A década 1990-2000 começa com uma “crise de energia” (invasão do Kuwait pelo Iraque e subsequente Guerra do Golfo) e termina com uma “crise de energia”: grande aumento nos preços do petróleo e gás natural, colapso dos recém-competitivos mercados de eletricidade da Califórnia. Mas nenhuma tão aguda quanto a causada pelo primeiro choque do petróleo de 1973, ao albor da guerra do Yom Kipur. Os países árabes exportadores multiplicam os preços por quatro, reduzem a produção e determinam embargo às exportações dos Estados Unidos e alguns aliados. De fato, medidas de coação para obrigar Israel – se pressionado pelos Estados Unidos – a sair dos territórios ocupados em 1967. A década começara mal para os ocidentais. Em 1971, a Argélia transforma oleodutos e jazidas em bens do Estado; em 1972, o Iraque nacionaliza a Iraq Petroleum; em 1973, a Líbia apropria-se de 51% das petrolíferas ali instaladas. Dramatizado, assim, o teatro energético, ainda impensável em 1960, quando da criação da Opep, agora Opec.
Também marcam o século XX, nessa história de amor e ódio, as denúncias de corrupção, vale-tudo em negócios competitivos e entre os negócios e a política. Barões no Ocidente, oligarcas na Rússia safam-se como podem. Discurso além do bem e do mal, o preço do petróleo consolida-se como arma econômica e política. O segundo grande choque chegaria em 1979-1980. A Revolução islamita no Irã impõe um governo que até hoje assombra Washington. Do pânico, os países consumidores passam ao afã em buscar alternativas. Começa a exploração de jazidas no Mar do Norte, México, Angola, Alasca. A dispersão da Opep e a política de cada um por si, adotada pelos produtores a partir de 1985, fariam o resto. Finda a Guerra Fria, a Rússia, um dos primeiros países produtores no início dos anos 1980, viu sua produção cair drasticamente. Nas duas décadas finais do século XX, Washington mantém posição hegemônica, apesar da Guerra do Golfo e as invasões ao Afeganistão e Iraque.

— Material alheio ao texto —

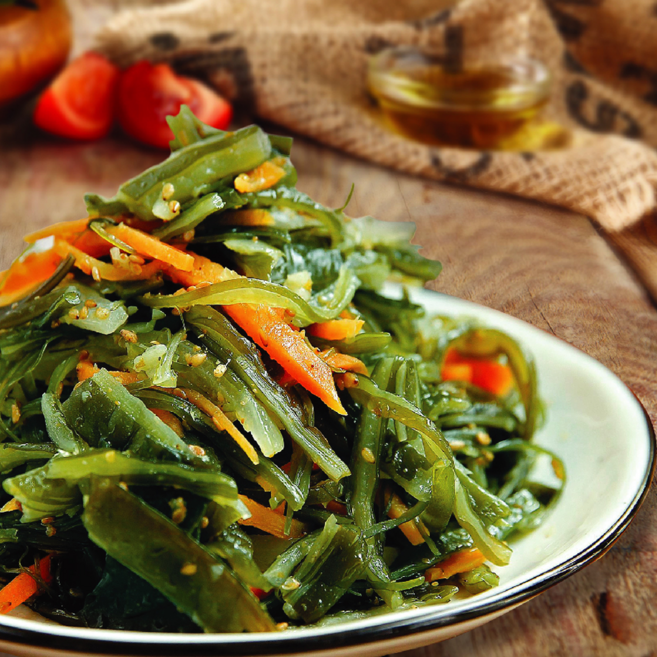 전남장흥 미역줄기 (염장) 5kg, 1개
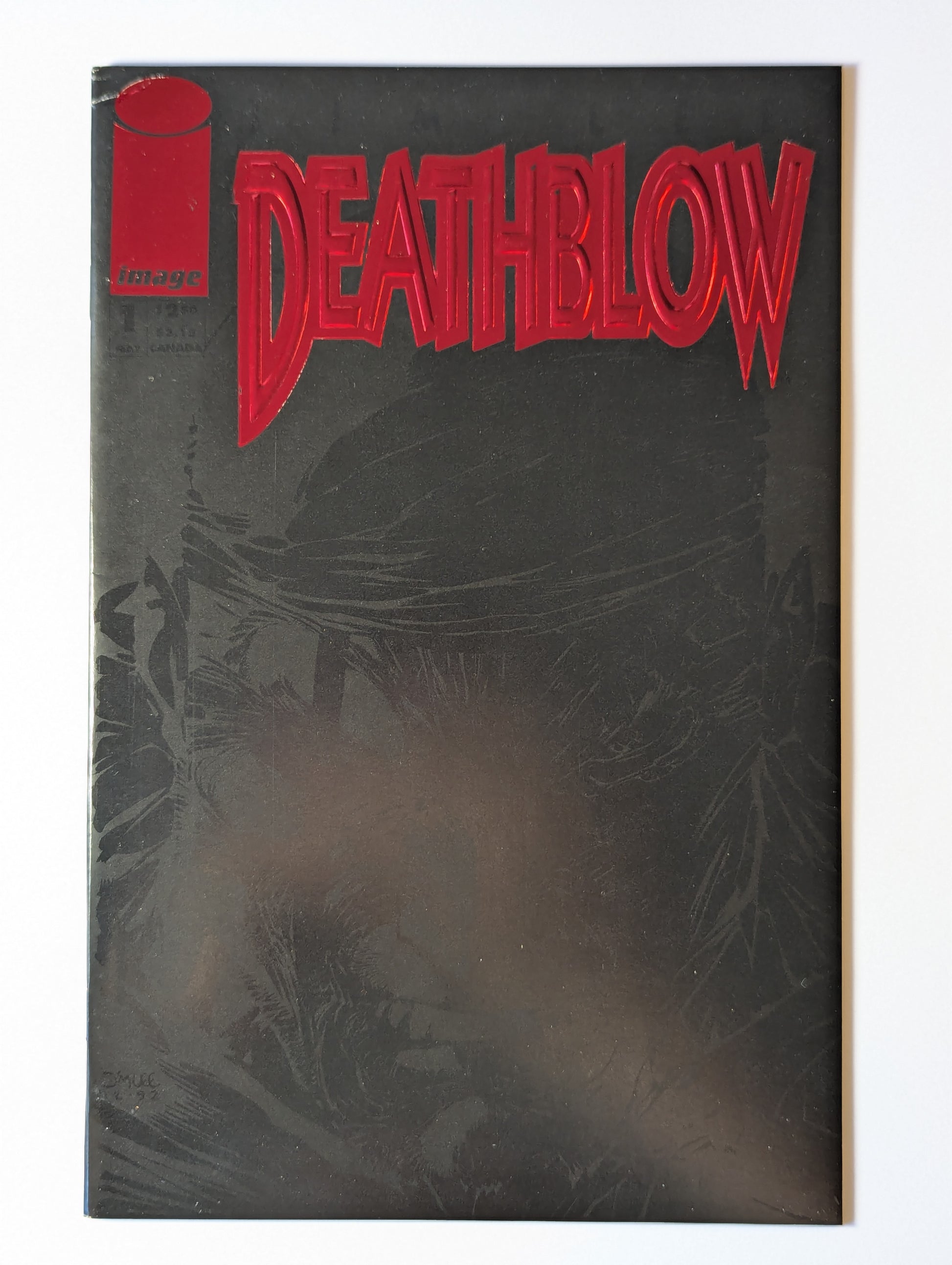 Deathblow #1 Image Comic Book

O produto em rede. A história do petróleo abarca a história do transporte, da siderurgia, das grandes infraestruturas. Nos primórdios, carros puxados a cavalo antecedem a ferrovia e os barcos em lagos e rios, antes de a tecnologia prover os dutos. Um calcanhar de Aquiles esse fazer o petróleo fluir e chegar ao destino: atentados e sabotagem, acidentes, vazamentos, enfim intempéries antes, durante e depois da construção. Em 1956, quando da crise do Suez, sabotado o oleoduto da Iraq Petroleum, fechou-se o canal e a Europa ocidental amargou penúria breve de petróleo. Pulando os tempos, atentados mais recentes por conta da guerra na Ucrânia: na ponte Crimeia-Rússia, numa ferrovia alemã e, pior, em três nós da conexão da NordStream2 no mar Báltico. Ninguém sabe, ninguém viu. Afinal, a guerra em rede não é a guerra de dados da Internet; acontece no mundo real, um manancial de alvos vulneráveis e destrutíveis.
Entrando neste século XXI, domina a questão dos preços, sob a “ditadura” da Opec. Uma mixórdia remexe a indústria, com sanções devido ao novo conflito na Europa. Chegará o mundo, algum dia, ao preço justo? Se em alta, incide sobre as economias concorrentes, muito dependentes das importações (China, Japão, Europa). Se em baixa, pode permitir-se um modelo de consumo: mais caro (americanos) ou mais barato (europeus, japoneses). Se preciso, pode provocar a derrocada de regimes julgados hostis, assentados em receitas do petróleo.
Sentencia Pierre Milza: o petróleo ainda faz bater o coração do mundo.